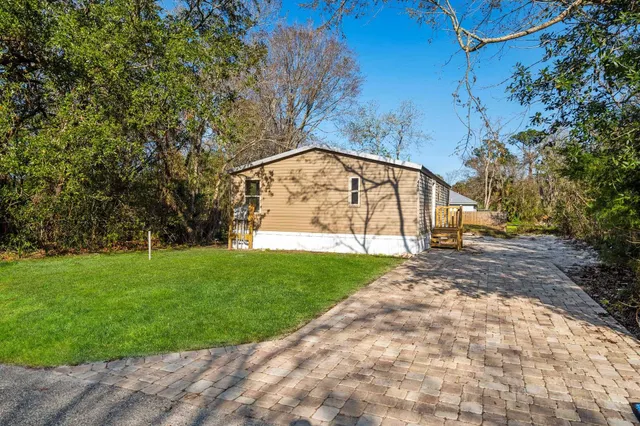 a view of a back yard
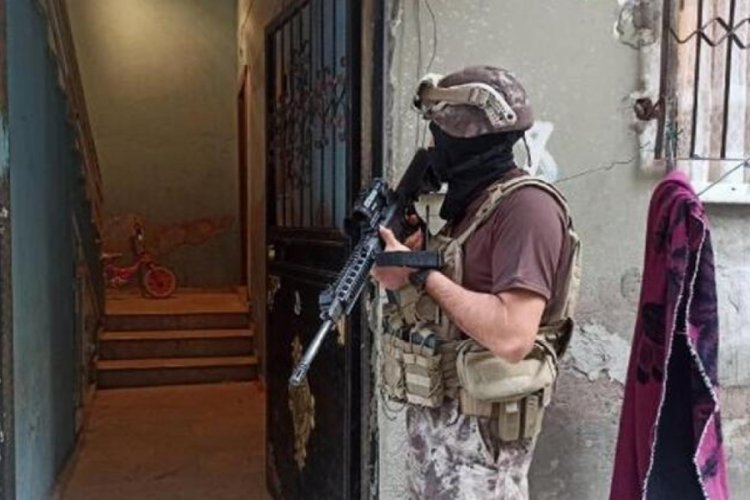Mersin'de 10 belediye &ccedil;alışanı i&ccedil;in g&ouml;zaltı kararı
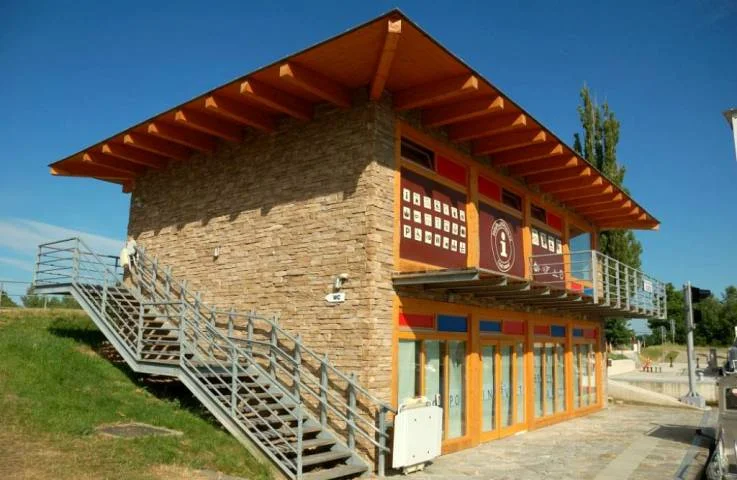 Kamenný obklad, Z BETÓNU, Lámaná skala Champange, svetlohnedá, 17 - 60 x 4 - 18 mm, hrúbka 20 - 50 mm, 0.5 m2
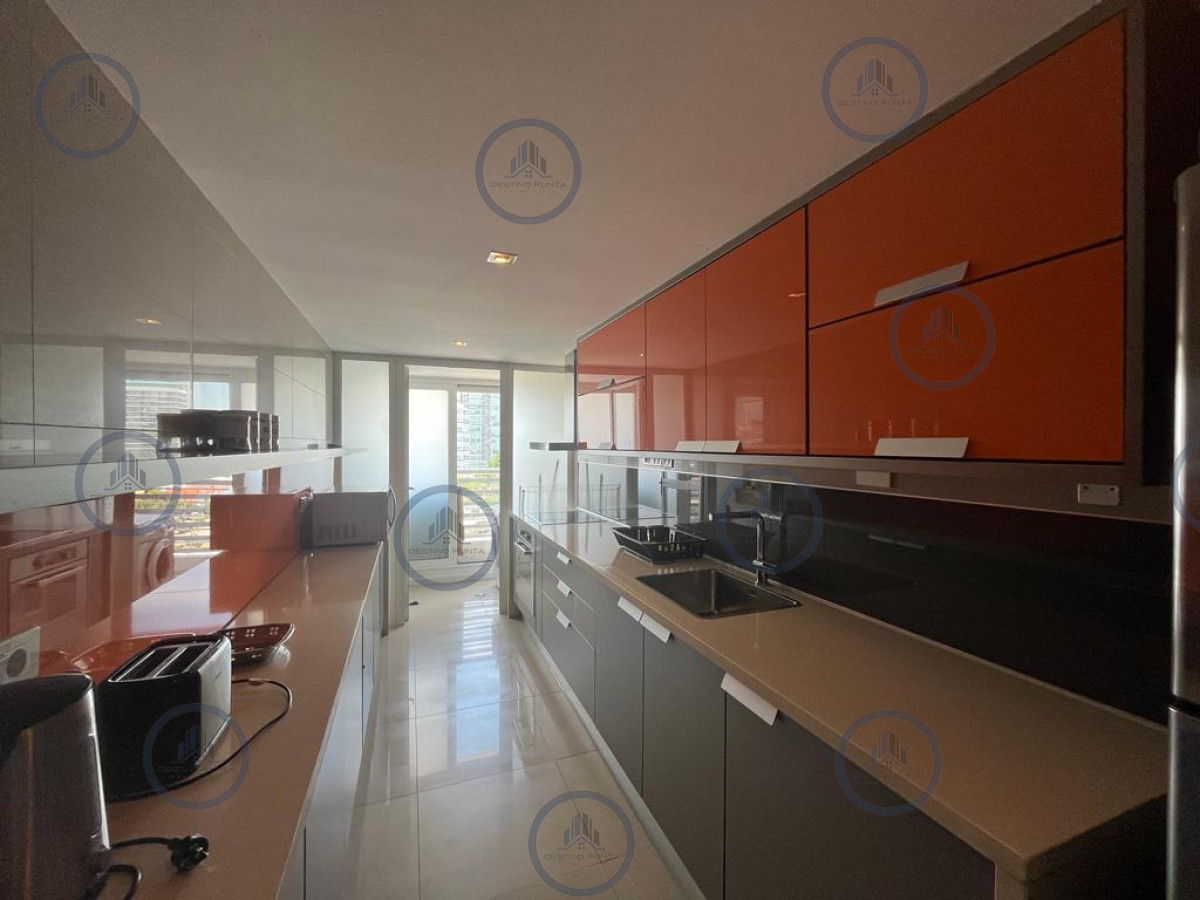 Apartamento ID.3246 - Moderno Apartamento de 3 Dormitorios en Playa Mansa, a metros del mar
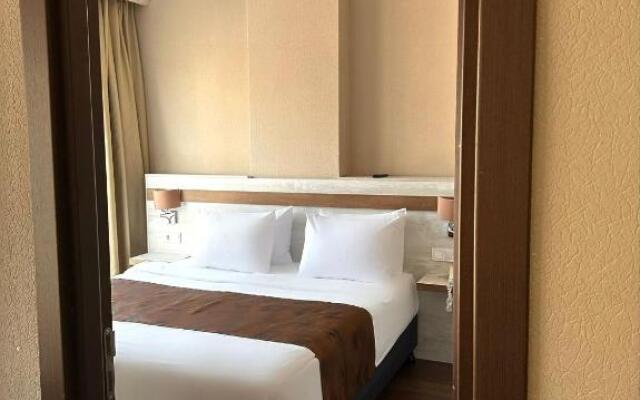 Kanyonvadi Hotel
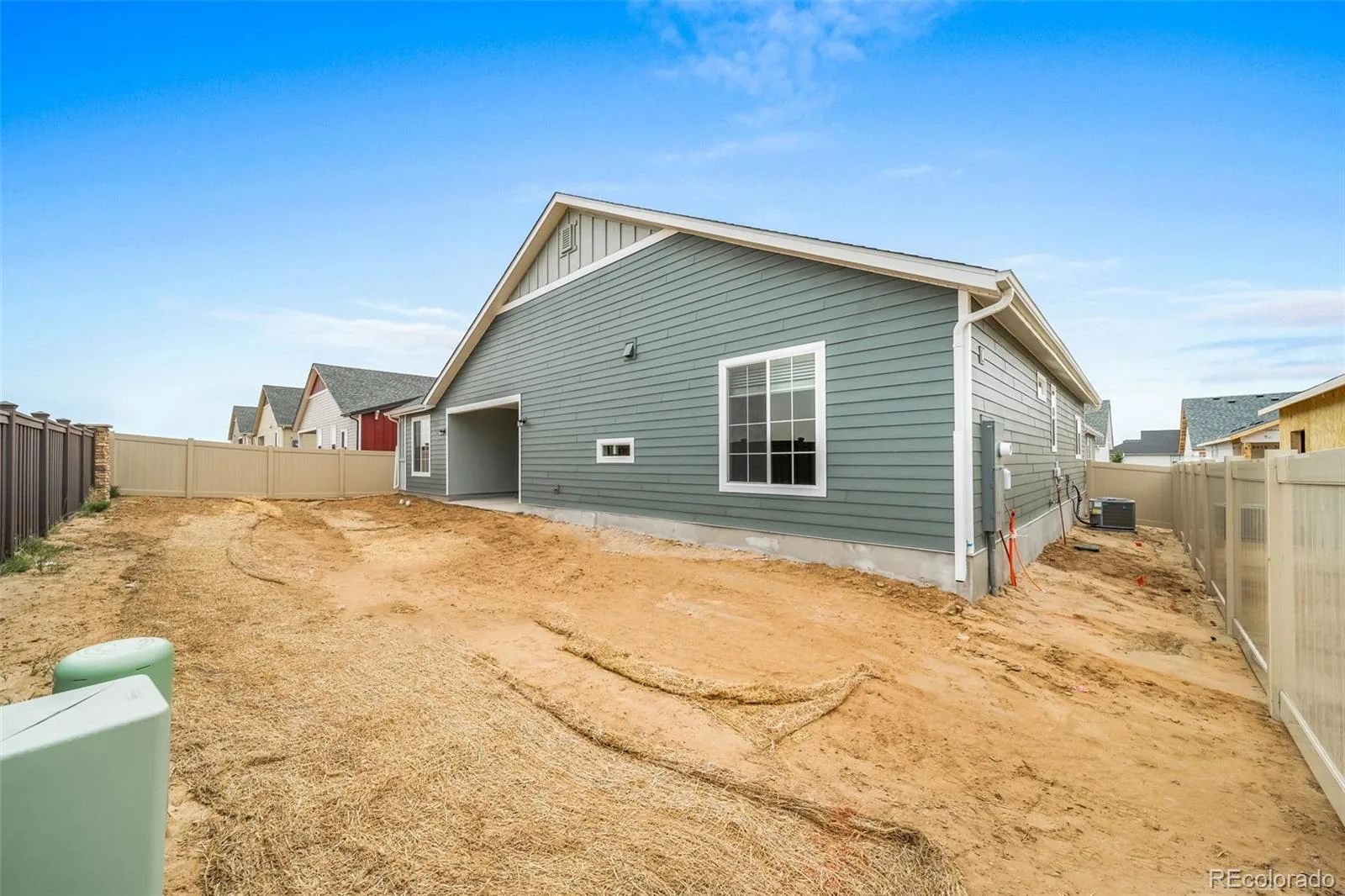 5174 N Quatar Street Aurora CO 80019 | MLS #REC6718047 08192026174252 1600 24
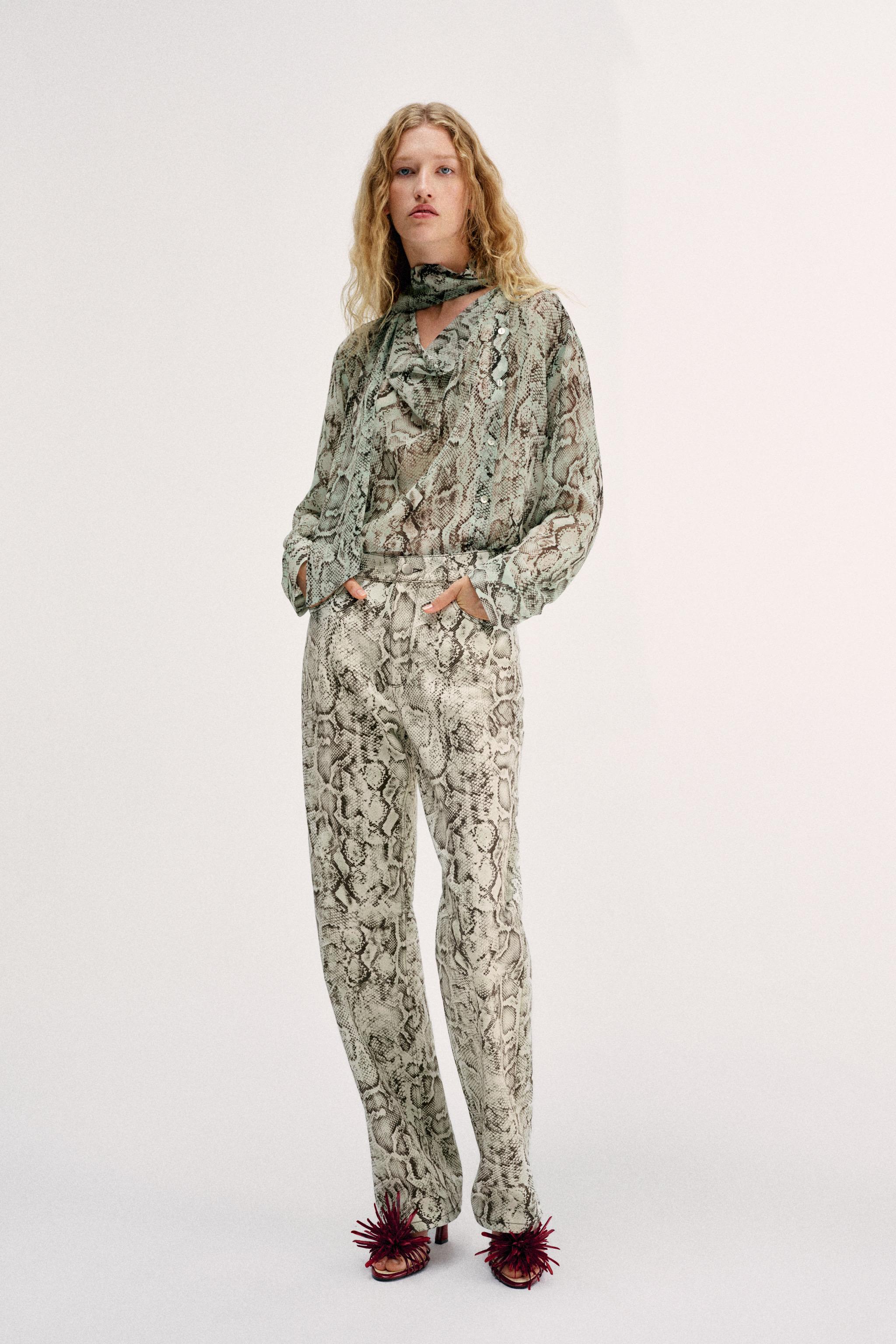 Z1975 HIGH-RISE STRAIGHT LONG LENGTH ANIMAL PRINT JEANS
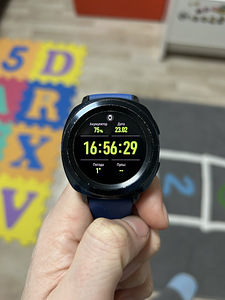 Samsung Gear Sport (1 foto / 7)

◆ **EXERCISE INSTRUCTIONS**
Extract only the lines from the line containing "Mersin'de 10 belediye" through the final line of the listing above, unchanged; pictures stay out of the copy.

◆ **FINAL ANSWER**
Mersin'de 10 belediye &ccedil;alışanı i&ccedil;in g&ouml;zaltı kararı
 Kamenný obklad, Z BETÓNU, Lámaná skala Champange, svetlohnedá, 17 - 60 x 4 - 18 mm, hrúbka 20 - 50 mm, 0.5 m2
 Apartamento ID.3246 - Moderno Apartamento de 3 Dormitorios en Playa Mansa, a metros del mar
 Kanyonvadi Hotel
 5174 N Quatar Street Aurora CO 80019 | MLS #REC6718047 08192026174252 1600 24
 Z1975 HIGH-RISE STRAIGHT LONG LENGTH ANIMAL PRINT JEANS
 Samsung Gear Sport (1 foto / 7)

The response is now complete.